■ ACTIVITY ■
Exactly as written, return all the data, leaving its pictures behind.
·····
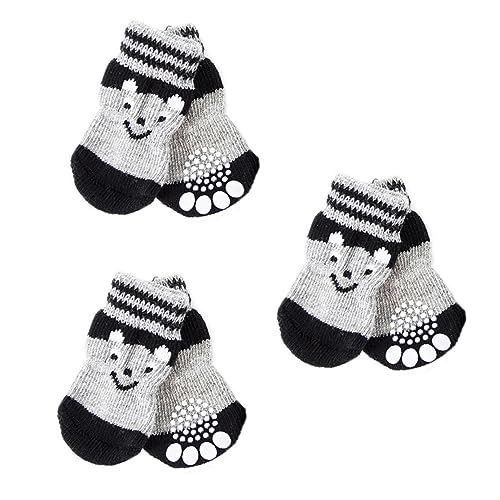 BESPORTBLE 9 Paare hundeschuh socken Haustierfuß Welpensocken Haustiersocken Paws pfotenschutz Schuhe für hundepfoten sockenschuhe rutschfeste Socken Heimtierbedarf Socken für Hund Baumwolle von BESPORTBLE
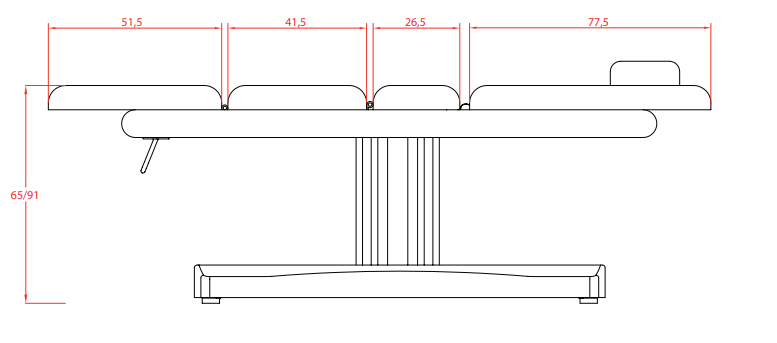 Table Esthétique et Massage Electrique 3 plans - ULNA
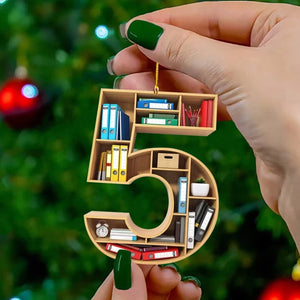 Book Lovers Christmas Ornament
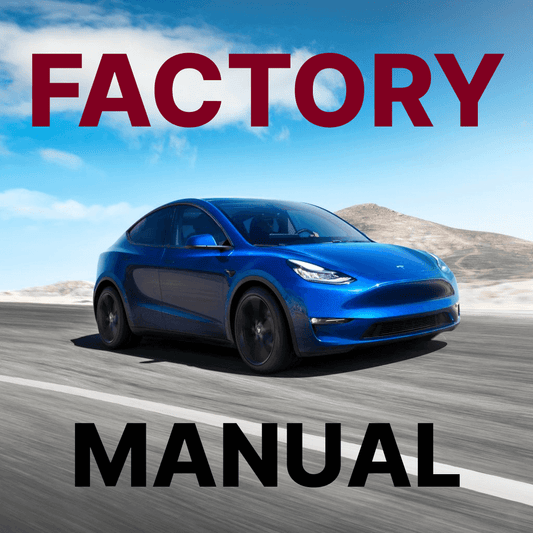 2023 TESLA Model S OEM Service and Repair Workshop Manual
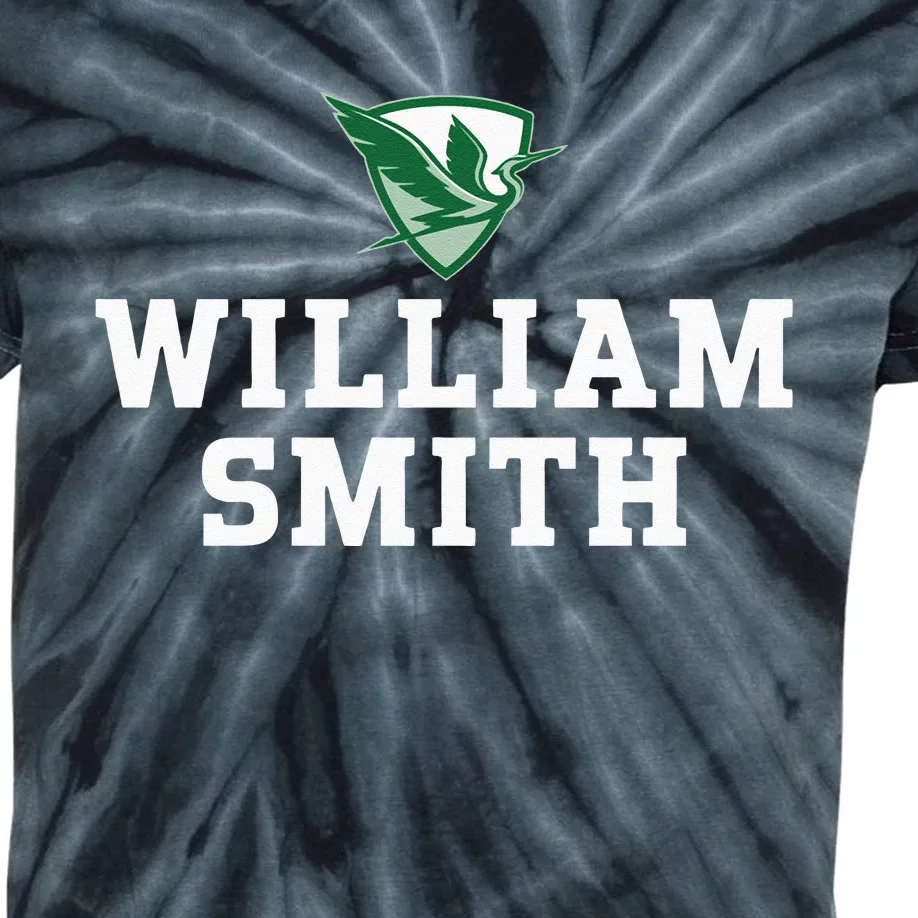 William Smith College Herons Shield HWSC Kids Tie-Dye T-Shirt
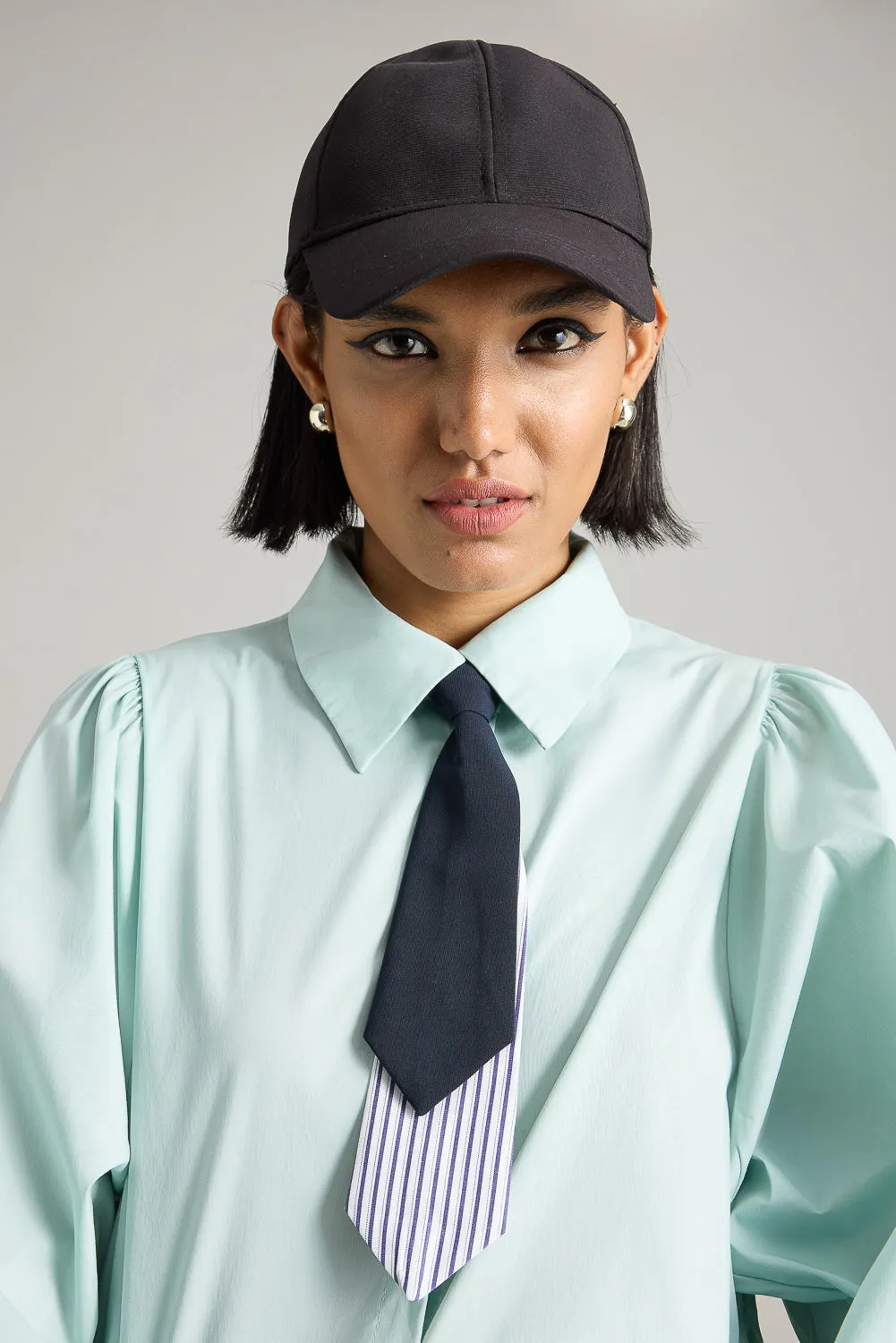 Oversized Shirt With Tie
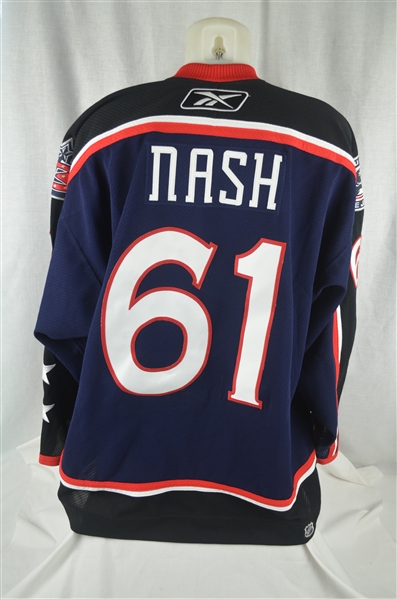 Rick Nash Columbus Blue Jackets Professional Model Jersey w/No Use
·····
■ SOLUTION TO THE PROBLEM ■
 BESPORTBLE 9 Paare hundeschuh socken Haustierfuß Welpensocken Haustiersocken Paws pfotenschutz Schuhe für hundepfoten sockenschuhe rutschfeste Socken Heimtierbedarf Socken für Hund Baumwolle von BESPORTBLE
 Table Esthétique et Massage Electrique 3 plans - ULNA
 Book Lovers Christmas Ornament
 2023 TESLA Model S OEM Service and Repair Workshop Manual
 William Smith College Herons Shield HWSC Kids Tie-Dye T-Shirt
 Oversized Shirt With Tie
 Rick Nash Columbus Blue Jackets Professional Model Jersey w/No Use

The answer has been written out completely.